La campagne “Notre Terre Sans Pétrole” le jour de son lancement a souligné que “des manquements qui mettent en danger la vie des populations locales et l’économie du pays” ont été observés, notamment en ce qui concerne l’impact environnemental et social des projets. Au lieu de répondre à ces préoccupations légitimes, le ministre semble minimiser ces dangers, privilégiant des considérations économiques à court terme sur la protection des populations et de l’environnement.
En défendant le modèle pétrolier comme levier du développement économique de la RDC, le ministre Molendo semble ignorer les alertes du monde entier sur les conséquences d’une telle dépendance.

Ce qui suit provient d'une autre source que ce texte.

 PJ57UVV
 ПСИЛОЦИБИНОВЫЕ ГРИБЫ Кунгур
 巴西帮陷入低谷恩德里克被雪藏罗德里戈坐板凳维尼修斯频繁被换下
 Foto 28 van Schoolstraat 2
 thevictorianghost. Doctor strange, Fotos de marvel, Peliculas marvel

L’industrie pétrolière, loin d’être un gage de prospérité durable, pourrait au contraire plonger le pays dans une instabilité chronique, exacerbée par des conflits locaux et des crises environnementales. La promesse d’un “développement durable” grâce aux hydrocarbures apparaît ainsi comme un mensonge, car aucune économie ne peut se baser sur une ressource non renouvelable sans mettre en péril son avenir à long terme.

Le gouvernement de la RDC, dans sa quête pour devenir une puissance pétrolière, semble se fourvoyer dans une vision à court terme, aveuglée par la promesse de bénéfices immédiats. Pourtant, le véritable développement durable passe par la diversification économique selon un observateur contacter par kilalopress, l’investissement dans les énergies renouvelables et la gestion responsable des ressources naturelles. Loin d’être un modèle à suivre, le chemin tracé par le ministre Sakombi Molendo semble se résumer à un mirage : un retour à un passé extractif qui risque de condamner l’avenir de la RDC et de ses populations.

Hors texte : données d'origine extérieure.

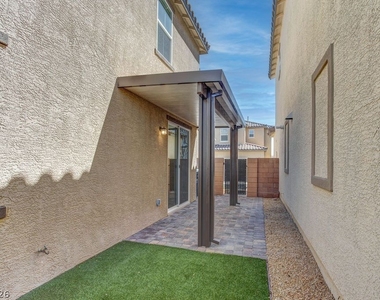2648 Montesilvano Place - Photo Thumbnail 42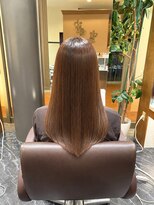 ビースターティス(Be Statice)&nbsp;BIKAKU STRAIGHT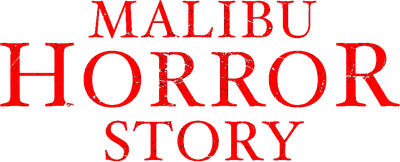Malibu Horror Story Logo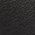 Color Swatch - Black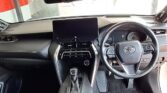 Magari Harrier 2020 lipo Dar es Salaam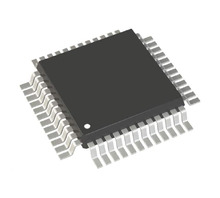 Image STM8AF6286TCX.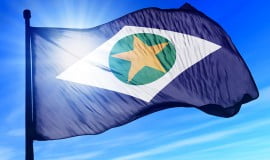 bandeira-mt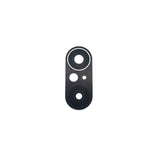 Xiaomi Mi 11i Camera Glass Lens price in BD We Fix Fast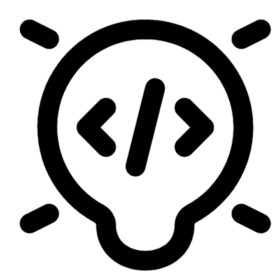 3493238309636964854_img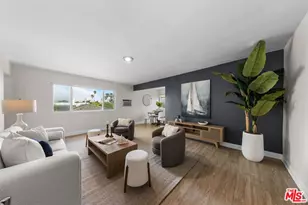 643 Pacific St, Santa Monica, CA 90405 - Photo 1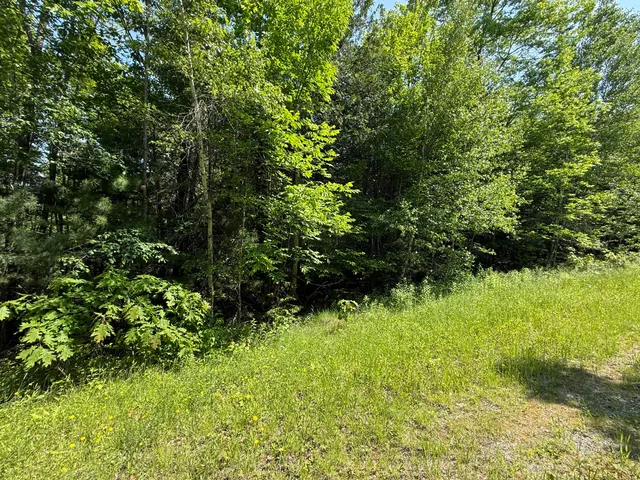 $25,000 | 158-050-2 158-050-2 Vfw Street, Lincoln, ME 04457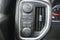 2023 Chevrolet Silverado 2500 HD LTZ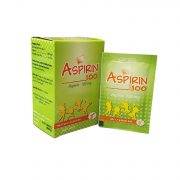 aspirin100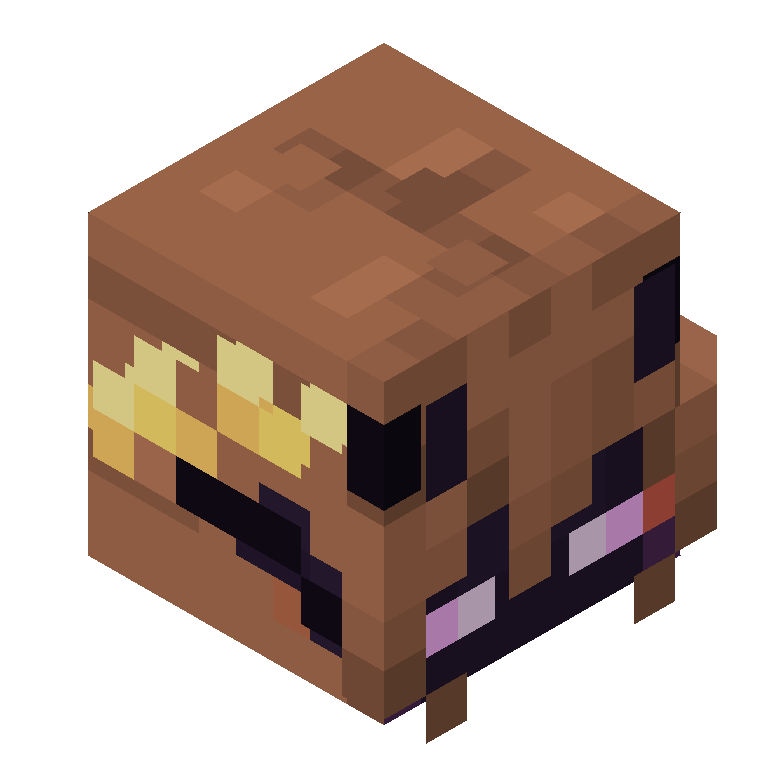 HEAD_ISO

La RDC a un potentiel immense, c’est indéniable. Mais ce potentiel ne réside pas uniquement dans son sous-sol, il réside aussi dans ses hommes et ses femmes, dans sa capacité à s’engager vers un avenir plus vert, plus juste et plus prospère. Ignorer les risques environnementaux et sociaux, ignorer les droits des communautés, et s’engager dans un projet pétrolier sans infrastructure ni garanties solides, n’est pas seulement un pari risqué, c’est un chemin potentiellement dangereux pour l’avenir du pays. Les solutions proposées par le ministre Molendo ne sont pas sans fondement, mais elles sont clairement insuffisantes. Il est urgent de repenser la stratégie énergétique de la RDC en tenant compte des enjeux globaux de la transition énergétique. Sinon, la RDC pourrait bien se retrouver dans quelques années, épuisée par une extraction insoutenable, sans les bénéfices promis et sans une véritable vision pour son avenir économique.